At some point in your career, you made a conscious choice to either stay in your full-time job or launch out on your own.
And if you launched out on your own, it’s likely that at some point in your journey, you’ve been faced with this challenging decision:
Should I go back to a full-time job or keep building my business?
Especially in this economy, I’ve seen so many consultants wondering if they’d be better off taking on a full-time job and putting their business on hold.
I’ve learned that the key to making this decision is picking the problems you’re most willing (and best equipped) to deal with.

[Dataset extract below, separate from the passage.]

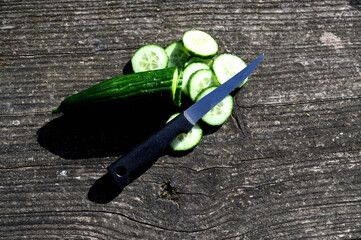 Sticker - sliced cucumber and a knife outdoor on a wooden table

I put together the checklist below for you to reference anytime you find yourself at this crossroads. Let this checklist serve as your guide anytime you’re faced with the question:
Should I stay out on my own as a consultant? Or should I find a full-time job?
Positives to Consulting
- You get to decide what type of work you want to do
- You get to decide what types of companies you want to work with
- You don’t have to work with anyone you don’t want to
- You have the flexibility of picking and choosing your own hours
- You get to work from anywhere
- You have full autonomy over your work
- You get to set your own pay
- You get to give yourself a raise whenever you feel you need one
- You get to build something from the ground up
- You have the benefit of building equity in something that has future value
- You get to evolve and grow at a pace that suits your own ambitions
- You’re constantly learning, usually at a faster pace than as an employee
- You can write off most of your business expenses, such as your cell phone, co-working space, professional memberships (like The Upside!), WiFi, events and retreats, equipment like your laptop, and much more
- You get to work as little or as much as you want or need to
Positives to a Full-Time Job
- You’ll receive healthcare (and possibly other) benefits through your employer
- You get to work with a team and build deep relationships with your colleagues
- You may have the opportunity to gain a mentor and grow
- You may have the opportunity to be a mentor and lift others
- You may have the opportunity to gain valuable training
- Your weeks are planned out for you, so less self-motivation needed
- There’s a constant flow of work to be done
- There’s lots of predictability
- Your income is consistent week to week
- You may have the opportunity to lead a team
Challenges to Consulting
- You are responsible for arranging your own healthcare coverage
- You’re responsible for covering your own leaves of absence (like parental leave, for example)
- There may be peaks and valleys in your income and you’ll need to plan accordingly
- Requires you to be self-motivated
- Requires you to learn how to sell your services
- You’ll be a business owner and will be responsible for juggling lots of balls in the air
- You’re often working in a silo, which can be lonely at times (unless you’re a member of a community like The Upside)
- You’re directly responsible for your own success
Challenges with a Full-Time Job
- You have no control over layoffs, downsizing, acquisitions, mergers, etc.
- You have no control over whom you work with
- You have no control over whom you report to
- You have to play by the rules and politics of the organization
- You’ll need to fit into the company culture, whether or not you like it
- You may be ready for a raise, but the company is not ready to give it to you
- Crushing it at your job doesn’t always end in a financial reward
- You’ll be attending lots of meetings, whether you want/need to or not
- You will not be compensated for any additional time spent doing your job
- You most likely won’t have much (if any) flexibility with your work hours
- You’ll be given a set number of vacation and sick days
- You’ll need to have your vacation days approved first before taking them
- No matter how secure you think your job is, you are still very much replaceable and dispensable
- Your success is at the mercy of the person you report to
I hope that whether you’re faced with this decision now or in the future, this checklist helps you determine your best path forward.
And remember: There is no perfect decision. What’s good for others in your circle may not be what’s best for YOU. Trust your gut and you can never go wrong.
And if you still can’t decide, ask yourself this:
Three years down the road, will I regret this decision?